The only output is: 
6. Scaled sound pressure level, in decibels.

**Discussion**: Based on the data description:
- How many columns should we get from loading the file?
- Which variables have numeric values (if any)?

In [None]:
# we'll load the data using numpy's genfromtxt() function
#
# NOTE: the data columns are separated by commas
#

# load the data
data = np.genfromtxt("airfoil_self_noise.csv", delimiter=",")

# check the data dimensions
#print( data.shape )

# check the data type
#print( type(data) )

# check the data type of one of the individual elements
#print( type(data[0, 0]) )

**Discussion**:
- How many rows and columns are there?
- What data type of data was loaded? Numbers? Text?


And which column is which variable (e.g. frequency)?
- column 0: frequency [Hz]
- column 1: ???
- column 2: ???
- column 3: ???
- column 4: ???
- column 5: scaled sound pressure [dB]

## 2) Visualizing data
Now that we've loaded some data, it makes sense to try to visualize it.

In [None]:
# select two of the variables from the data set
x = data[:, 0]
y = data[:, ???]

# create a scatter plot
plt.scatter(x, y)

plt.show()

Let's try to improve the plot formatting. After all, almost every data analysis project will involve create a visual that can then be presented to someone (coworkers, project supervisors, clients, etc.).

Ideas for formatting revisions:
- colors
- figure size
- text labels
- font sizes

In [None]:
# select two of the variables from the data set
x = data[:, 0]
y = data[:, ???]

# set the figure size
plt.figure(figsize=(???, ???))

# create a scatter plot
plt.scatter(x, y, color='???')

# add labels
plt.xlabel('???')
plt.ylabel('???')

# add a grid
plt.grid()

plt.show()

## 3) Statistics
In addition to visuals, statistics can provide valuable information about a data set. Let's try calculating a few common statistics using numpy.

In [None]:
# select one of the variables from the data set
x = data[:, 5]

# what's the mean value?
print( np.mean(x) )

In [None]:
# what's the min and max values?
print( np.max(???) )
print( np.???(???) )

In [None]:
# what about the standard deviation?
print( np.???(x) )

## 4) Fitting data
Another common tasks when working with data is fitting a model to the data. For example, fitting a linear mapping ($y = ax + b$) between two variables ($x$ and $y$). There are many methods for accomplishing this task, but we'll focus on a simple one using numpy and a new data.

#### Data set
Measurements of global horizontal irradiance (GHI) [W/m^2] and power output [kW] from a PV power plant in San Diego County.
- column 0: GHI [W/m^2]
- column 1: power [kW]

In [None]:
# load the new data set
power_data = np.genfromtxt('sample_ghi_power.csv', delimiter=',')
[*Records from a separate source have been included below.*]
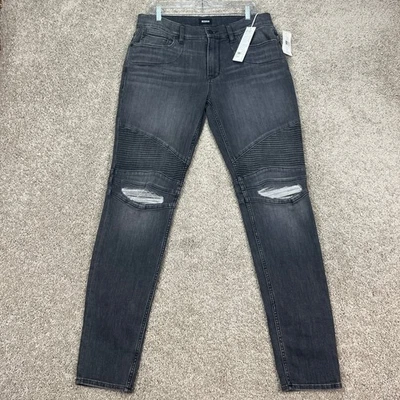 Pantalones de mezclilla Hudson Ethan Biker ajustados grises desgastados moto para hombre talla 33x32 NUEVO Foto 1 de 4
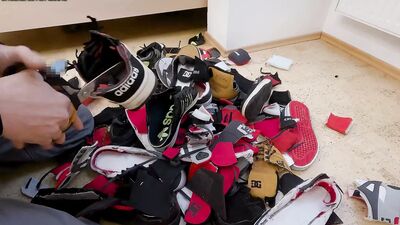 More cutting 7 pairs shoes (DC, Adidas, Puma), stomping and jerking all over them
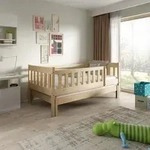 Masseno Kinderbett STELLA 80x160 cm mit Rausfallschutz, Doppelbett f&uuml;r...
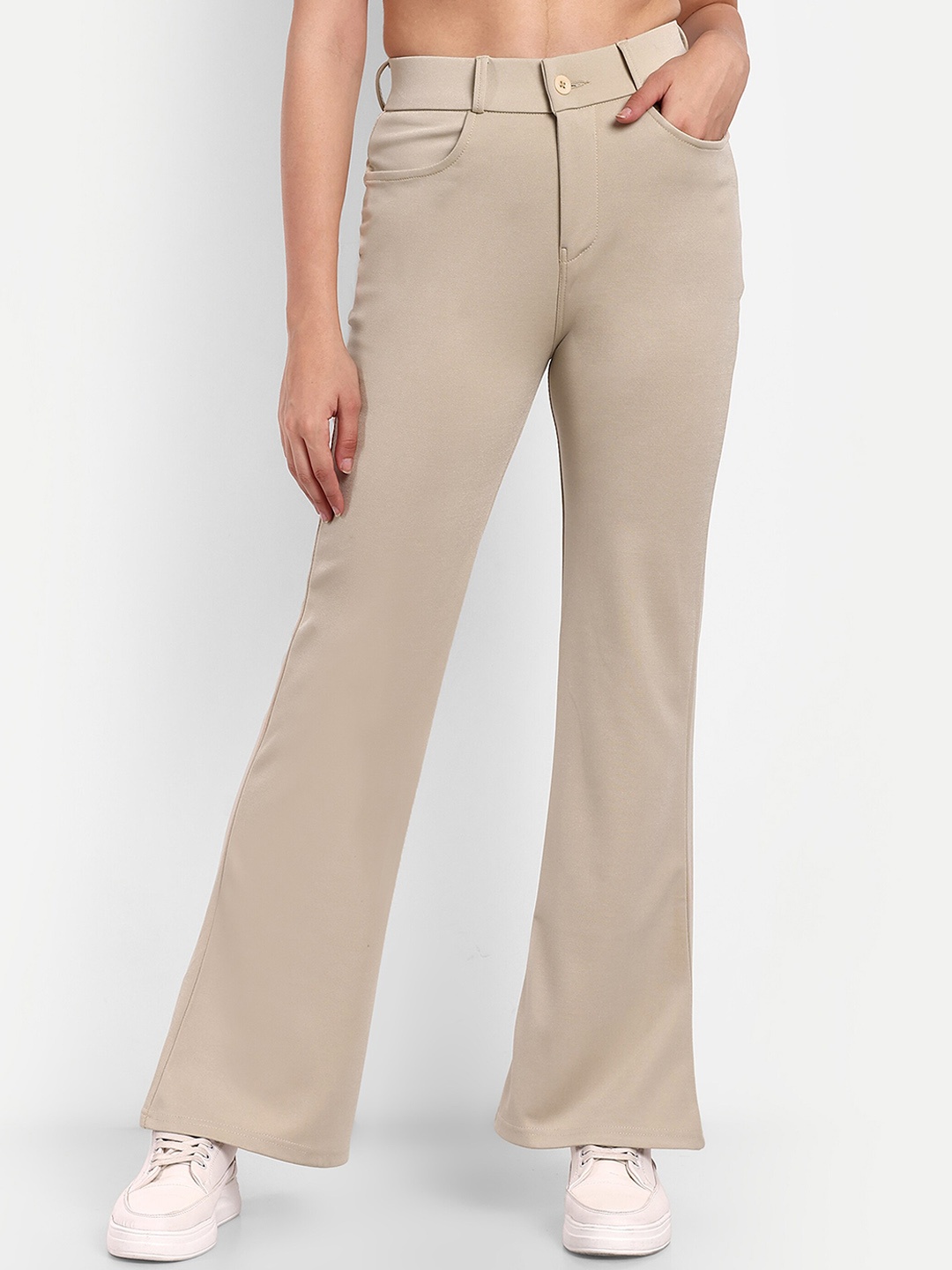 

BROADSTAR Women Beige Smart Flared High-Rise Easy Wash Stretchable Bootcut Trousers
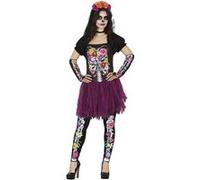 déguisement catrina squelette fleuri femme - s - noir - guirca 79808 Noir G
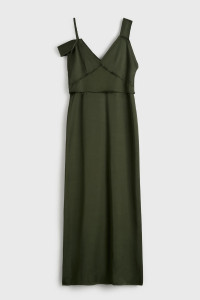 TOTEME V-neck slip dress bottle green
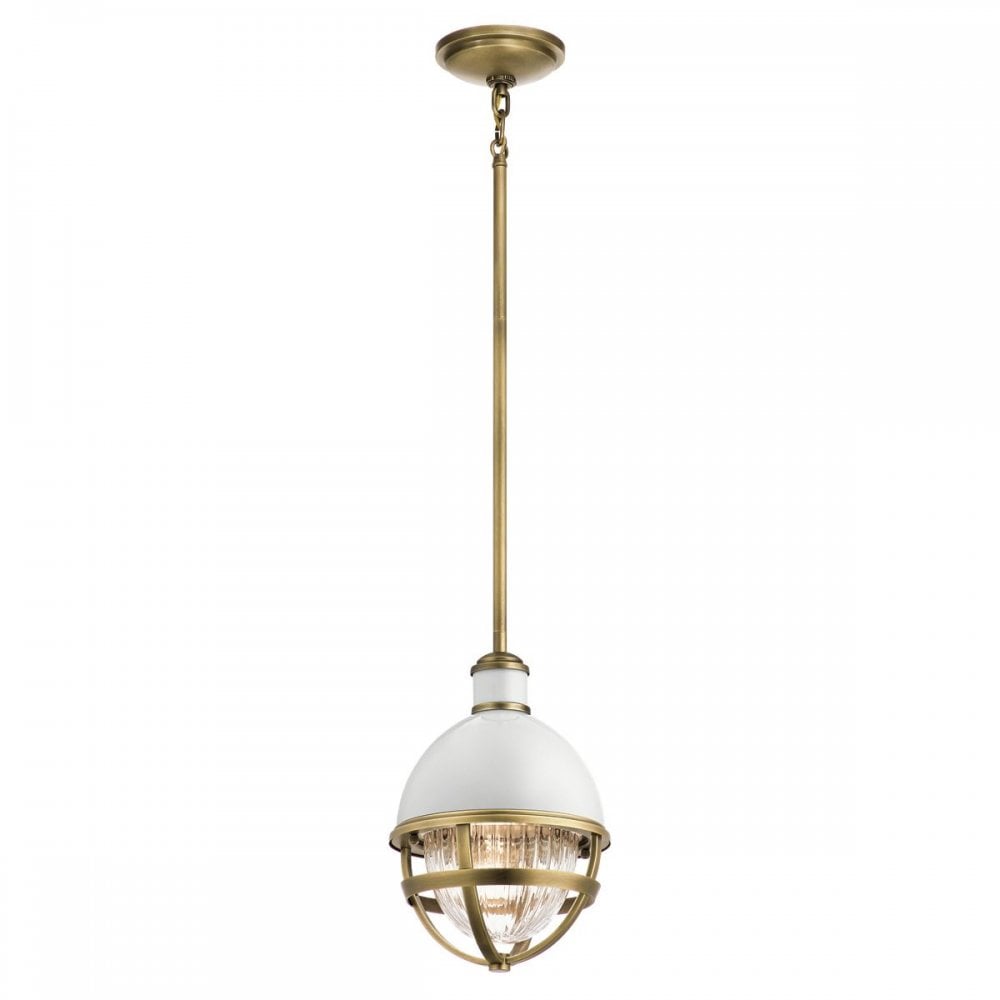 QN-TOLLIS-MP-NBR Tollis 1 Light Mini Pendant - Brass/White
# check data size (i.e. number of rows and columns)


In [None]:
# make a quick scatter plot
ghi = power_data[:, 0]
power = power_data[:, ???]

# scatter plot
plt.scatter(???, ???)

# add labels
plt.xlabel('???')
plt.ylabel('???')

plt.show()

In [None]:
# now we'll create a polynomial model fitted to the data

# set the input (x) and output (y) variables
x = ghi
y = power

# fit the model to the data:
# - 1 = first order fit => linear fit
# - 2 = second order fit => quadratic
# - etc.
#
coeff = np.polyfit(x, y, 1)

# create a function we can call to fitted model
model = np.poly1d(coeff)

In [None]:
# now let's plot the fitted model against the data

# create a range of theoretical values to try fitting
x_fit = np.linspace(0, 1000, 1000)

# use the fitted model to estimate the output
y_fit = model(x_fit)


# plot the original data
plt.scatter(x, y, color='0.5')

# overlay the plot of the fitted model
plt.plot(x_fit, y_fit, color='red')

plt.show()

**Discussion**: Try other values for the order of the model (e.g. 2). Based on the results:
- What appears to the best type of fitting model? Linear? Quadratic? Cubic?
- Are there any downsides to increasing the order of the model? E.g. why not do a 100th-order fitting model?